I’m aware that I’m some three years late on this, but I can’t help but disagree with you here. I’m all for having default safeguards on our Really Powerful Optimization Process to prevent people from condemning themselves to eternal hell or committing suicide on a whim—maybe something along the lines of the doctor’s Do No Harm. You could phrase it, if not formalize it, something like:
‘If a decision will predictably lead to consequences horrifying to those it affects, the system will refuse to help—if you wish to self destruct, you must do so with your own strength.’
Beyond that, though—the advantage to Libertarianism is that you can implement any other system you want in it. If you want the AI to remove low-value choices from your environment, you are welcome to instruct it to do that. If you want it to prohibit you, in the future, from subtler methods of self-destruction, you are free to do that too. These options were available to Phaethon in the series, and he refused to take them—because, frankly, the protagonist of those novels was an idiot.

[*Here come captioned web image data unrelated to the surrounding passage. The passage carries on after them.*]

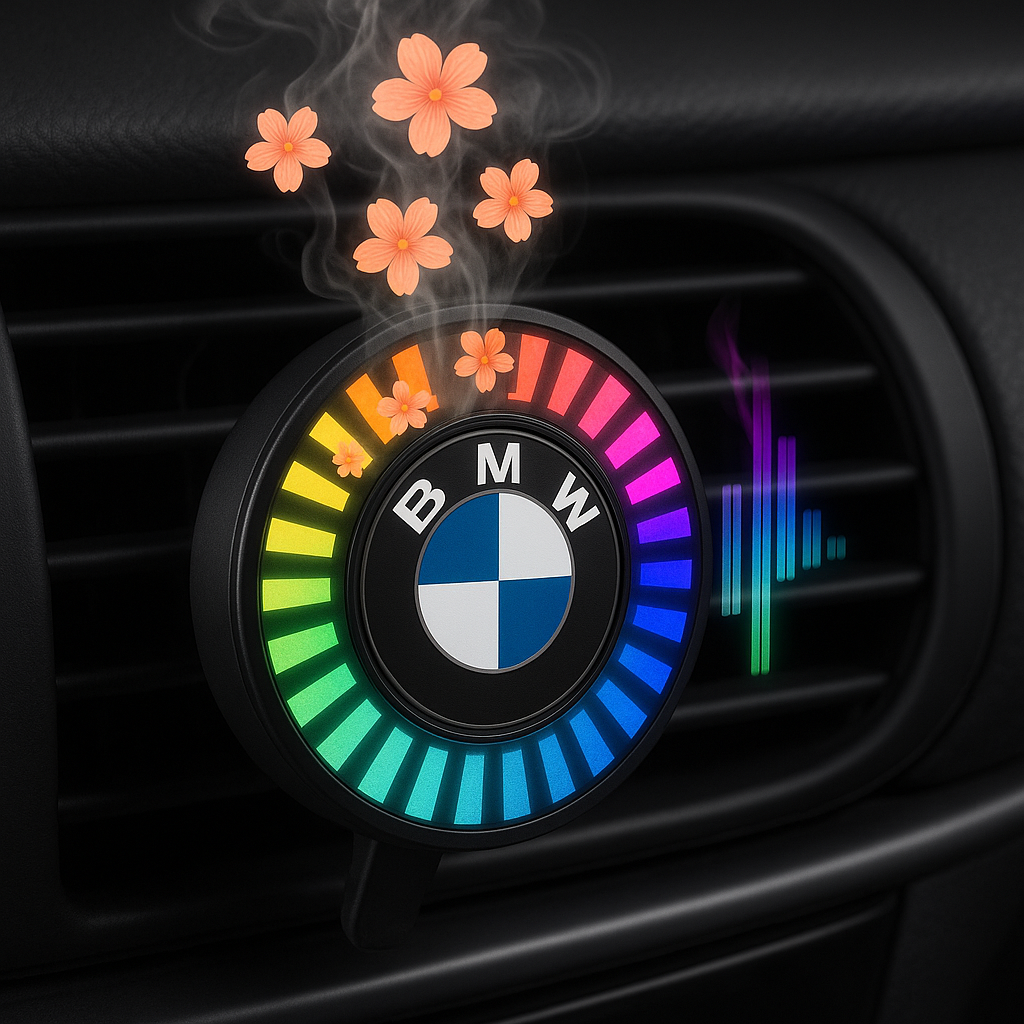 LED-autolamp met muzieksynchronisatie en logo (met aromadiffuser)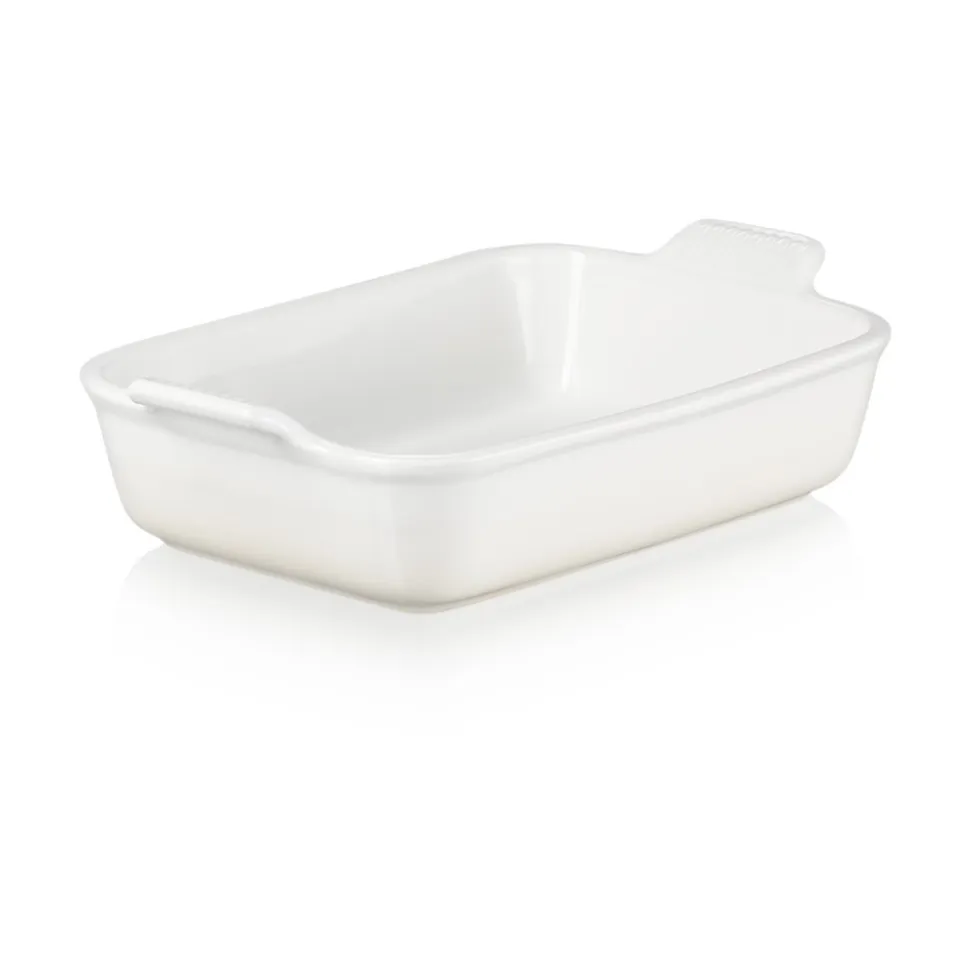 Fuente de cerámica gres esmaltada para horno, color merengue, 2,4 litros - Le Creuset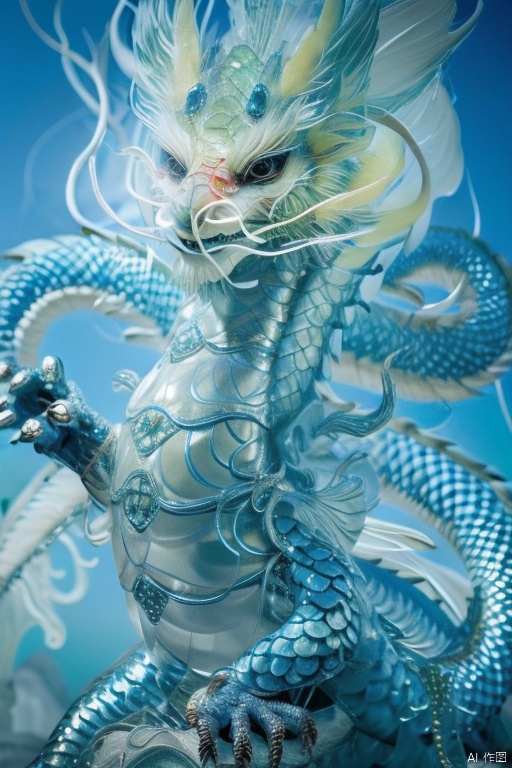 a chinese dragon made of ice,transparent,  tree, outdoors, river, bingdiao, , dofas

It is certainly true that human choice is a fragile and whimsical thing—but that doesn’t mean that it has no value. If people are made unhappy by the default behavior of the system, they have the choice to change it, at least where it affects them. It feels wrong to me for you to suggest that we prohibit people from judging otherwise, forever, as part of the design for our superintelligences. Our lives have always been lived on the precipice of disaster, and we have always been given choices that limit those risks.
Just to make sure I understand the system you’re proposing: suppose there’s a Do No Harm rule like the one you propose, and I tell the AI to give me the option of “subtler methods of self-destruction” and the AI predicts that giving me that option is likely to lead to consequences that horrify someone it affects (or some more formal version of that condition).
In that case, the AI refuses to give me that option. Right?
If so, can you clarify how is that different from the OP’s proposed behavior in this case?
I should have clarified: I meant horrifying in a pretty extreme sense. Like, telling the machine to torture you forever, or destroy you completely, or remove your sense of boredom. .
Just doing something that, say, alienates all your friends wouldn’t qualify. Or loses all your money, if money is still a thing that makes sense. I was also including all the things that you CAN do with your own strength but probably shouldn’t. Building a machine to torture your upload forever wouldn’t be disallowed, but you might want to prohibit the system from letting you.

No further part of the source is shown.